Table Differ
Snapshot database tables, restore them, and compute the differences between two snapshots.
Installation
The usual, add this line to your application's Gemfile:
gem 'table_differ'
Synopsis
To follow this, replace Attachment
with any model from your own application.
Once you restore the snapshot, your database should appear unchanged.
snapshot = Attachment.create_snapshot
Attachment.first.update_attributes!(name: 'newname')
added,removed,changed = Attachment.diff_snapshot(snapshot)
=> [[], [], [<Attachment 1>]]
Attachment.restore_snapshot(snapshot)
Attachment.delete_snapshot(snapshot)
Usage
Include TableDiffer in models that will be snapshotted:
class Attachment < ActiveRecord::Base
include TableDiffer
...
end
Create Snapshot
Property.create_snapshot
Property.create_snapshot 'import_0012'
If you don't specify a name then one will be specified for you.
Whatever naming scheme you use, the names should sort alphabetically.
Otherwise some Table Differ functions won't be able to default to the most recent snapshot.
List Snapshots
Property.snapshots
=> ['property_import_0011', 'property_import_0012']
Restore Snapshot
Property.restore_snapshot 'import_0012'
Delete Snapshots
Property.delete_snapshot 'import_0012'
Or multiple snapshots:
Property.delete_snapshots ['import_01', 'import_02']
Property.delete_snapshots
week_old_name = Property.snapshot_name(1.week.ago)

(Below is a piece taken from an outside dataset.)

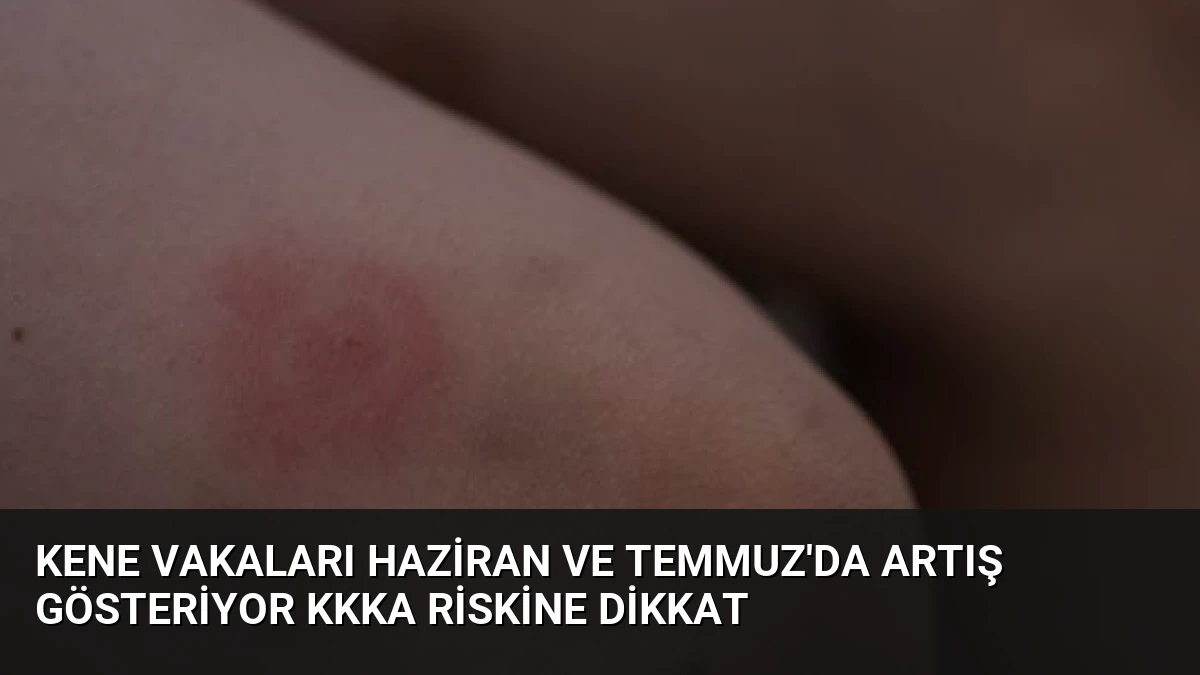 Kene Vakaları Haziran ve Temmuz’da Artış Gösteriyor KKKA Riskine Dikkat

Property.delete_snapshots { |name| name < week_old_name }
Compute Differences
Now, to retrieve a list of the differences, call diff_snapshot:
added,removed,changed = Attachment.diff_snapshot
=> [[], [], [<Attachment 1>]]
changed.first.original_attributes
=> {"name" => 'oldname'}
This computes the difference between the current table and the most recent
snapshot (determined alphabetically). Each value is an array of ActiveRecord
objects. added
contains the records that have been added since the snapshot
was taken, removed
contains the records that were removed, and changed
contains
records where, of course, one or more of their columns have changed. Table Differ
doesn't follow foreign keys for that would be madness. If you want to discover
changes in related tables, you'll need to snapshot and diff them one by one.
Records in added
and changed
are regular ActiveRecord objects -- you can modify
their attributes and save them. Records in removed
, however, aren't backed by
a database object (obviously) and should be treated read-only.

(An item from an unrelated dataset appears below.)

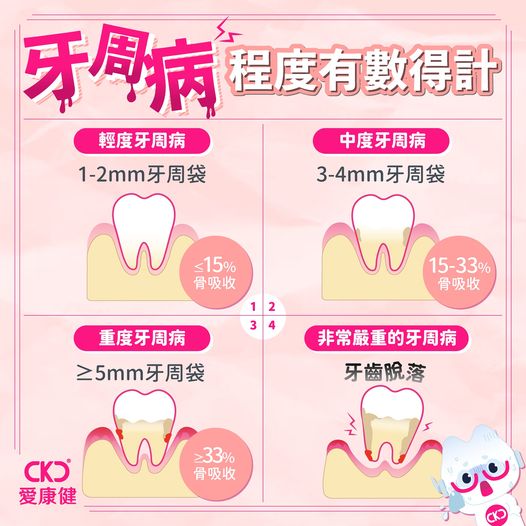 牙周病程度有數得計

Changed records include a hash of the original attributes before the change was
made. For example, if you changed the name column from 'Nexus' to 'Nexii':
record.attributes
=> { 'id' => 1, 'name' => 'Nexus' }
record.original_attributes
=> { 'id' => 1, 'name' => 'Nexii' }
Single-Table Inheritance (STI) appears to work correctly (TODO: add this to tests!)
Columns to Ignore
By default, every column will be considered in the diff.

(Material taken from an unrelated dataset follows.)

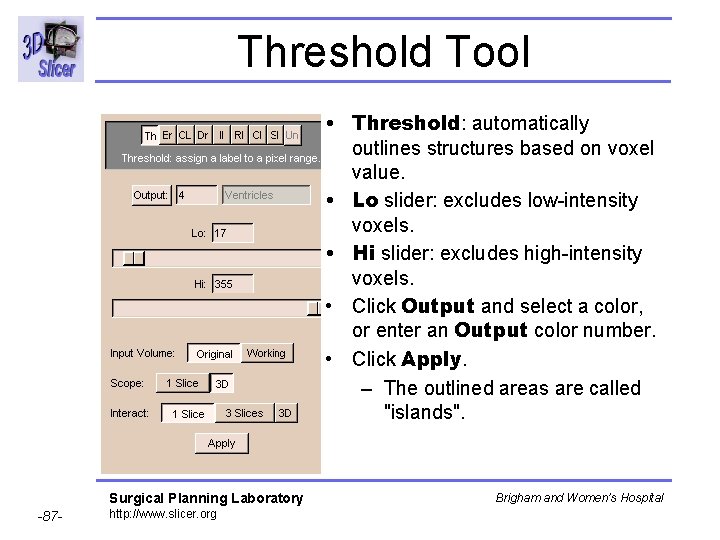 Threshold Tool • Threshold: automatically outlines structures based on voxel value. • Lo slider: Threshold Tool • Threshold: automatically outlines structures based on voxel value. • Lo slider:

You can pass columns to ignore like this:
Property.diff_snapshot ignore: %w[ id created_at updated_at ]
Note that if you ignore the primary key, Table Differ can no longer compute which
columns have changed. This is no problem, but changed records will appear as a
remove followed by an add. The changed array will always be empty.
added,removed = Attachment.diff_snapshot(ignore: 'id')
If there are other fields that uniquely identify the records,
you can specify them in the unique_by option. This will cause changes to
be computed, and the ActiveRecord objects returned are
complete with IDs. This requires one database lookup per returned object,
however so, if your results are large, this might not be a good idea.
added,removed,changed = Contact.diff_snapshot(ignore: 'id', unique_by: [:property_id, :contact_id])
Also, if you ignore the ID, you won't be able to update or save any models directly.
You must copy the attributes to another model, one that was loaded from the database
normally and still knows its ID.
Specifying the Snapshot
You can name the tables you want to diff explicitly:
add,del,ch = Property.diff_snapshot(old: 'import_0012')
add,del,ch = Property.diff_snapshot('cc', 'cd')
Internals
Table Differ creates a full copy of the table whenever Snapshot is called.
If your table is large enough that it would cause problems if it suddenly
doubled in size, then this is not the gem for you.
Table Differ creates and restores snapshots with a single CREATE/SELECT statement,
and it diffs the tables 100% server-side using two SELECTs. It should be fast
enough.
It doesn't touch indicies.
Alternatives
- Stellar appears to do the same thing, written in Python.
Contributing
Send issues and pull requests to Table Differ's Github.